Paco: Le Jura Libertaire offered us a surprising soap opera this summer. Your hot altercation with the Maoists had a retro-Surrealist side. It was quite hilarious. Have the adepts of The Little Red Book calmed down?
Le Jura Libertaire: This did indeed make many people laugh. These particular Maoists -- because they are others, raving about other dogmas -- attacked us following the reprise of an interview with Jean-Claude Michea. In sum, according to their categories, anarchists are fascists; and, at the same time, Le Jura Libertaire is on the side of Autonomy, which supposedly has nothing to do with Anarchism or, rather, with Anarcho-syndicalism, which is the source of all the evils experienced by working people. . . . In brief, here we found ourselves confronted with the essence of Stalinist fuckery and calumny, in a quite pure incarnation. To such a point that these alleged "revolutionaries" had nothing to say when they were justly accused of being priests and cops! Our exchange with these tigers made of paper and computer pixels thus ended with an anti-Maoist poem written specially for the occasion. . . .

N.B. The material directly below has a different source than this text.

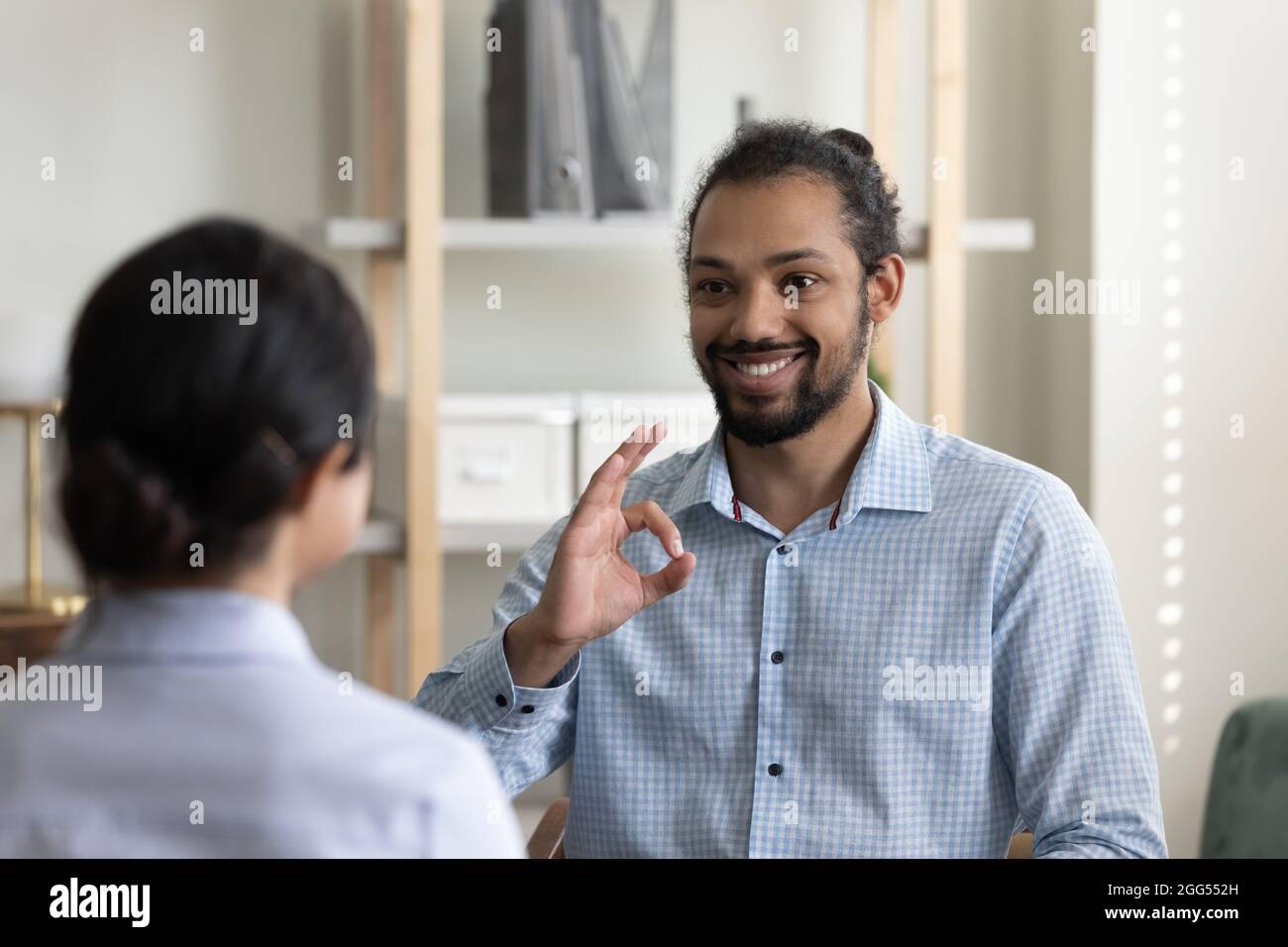 Souriant jeune africain américain pratiquant la langue des signes avec le médecin. Banque D'Images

Paco: There is an originality to the entries at Le Jura Libertaire. Mixed among the articles about Tarnac, the massacres in Gaza, student struggles and riots in Greece are music-videos by Nina Hagen, Bob Dylan, Jethro Tull, The Pogues, Gnawa Diffusion, George Brassens and Claude Nougaro. Is this because music softens behavior?

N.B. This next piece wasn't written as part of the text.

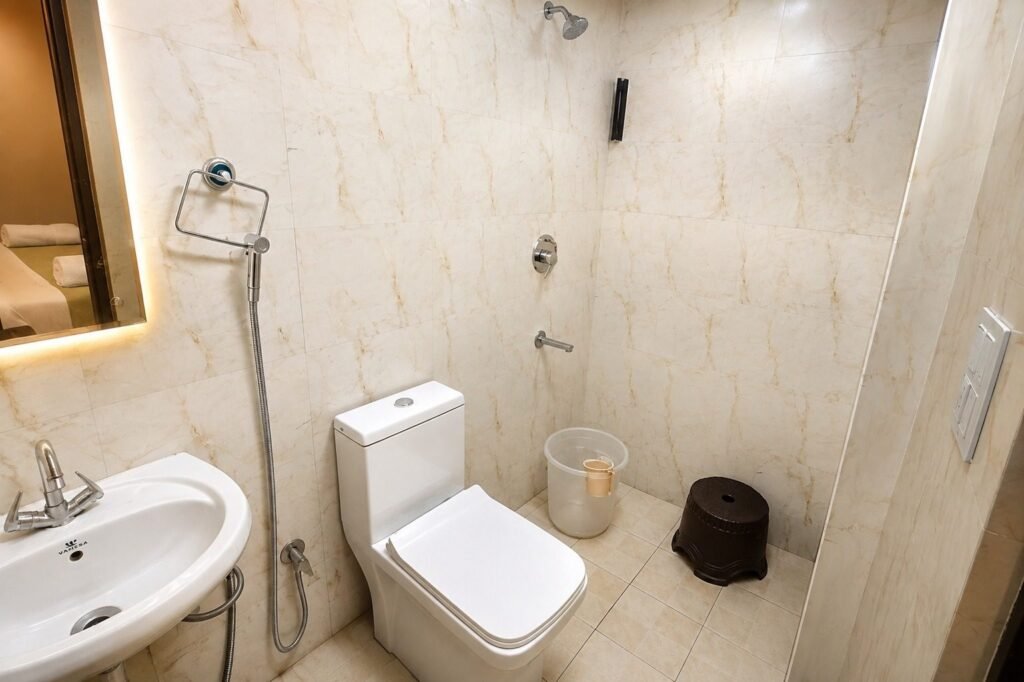 Clean white bathroom at Gange Hills by Around Stays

Le Jura Libertaire: One could also say that that "class struggle has a soundtrack." From the start, we've tried to embellish historic or current texts with songs of struggle. One must also say that Le Jura Libertaire is the avatar of a local, self-managed experiment in which "DIY" music plays a role. . . . Ever since the summer, the blog has offered a bit of zik every day, and this quite something in itself.
Paco: My eagle eye has also detected the presence of a small, very animated inlay within a few a priori serious articles. In it, one sees two charming pin-up girls in bikinis, swinging their hips in a no-doubt frenzied twist. Doesn't this pose too many problems for our anarcho-feminist friends?

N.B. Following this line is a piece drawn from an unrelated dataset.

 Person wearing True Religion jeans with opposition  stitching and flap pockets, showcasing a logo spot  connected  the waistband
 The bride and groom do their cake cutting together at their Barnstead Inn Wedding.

Le Jura Libertaire: Emma Goldman, the grandmother of [the musician] Jean-Jacques Goldman, used to say, "Where there is no dancing, my revolution is absent." Le Jura Libertaire also reprints without comment some articles from mass-circulation papers. This is a choice that distinguishes us from the charters of Indymedia, for example. Our wager is that our readers will be able to read between the lines. Because reality is always more subtle than a militant's big wooden clogs, fortunately.
Paco: In this bark-and-forth exchange [Entre chien et chat], I leave the last word to you. Carte noire au Jura Libertaire. Best New Year wishes to you, on the Internet and in your struggles.
Le Jura Libertaire: Thanks, Paco. Confronted with the dogs of oppression, long live camaraderie, solidarity and direct action! Let us act by ourselves, and remain elusive!
(Published in Le Maque on 8 January 2009. Translated from the French by NOT BORED! 11 October 2009. Footnotes by the translator.)
 There are many variants of this well-known quip. The French here is "La ou on ne danse pas, ce n'est pas ma revolution."
 Carte Noire ("Black Card") is an expensive brand of French coffee.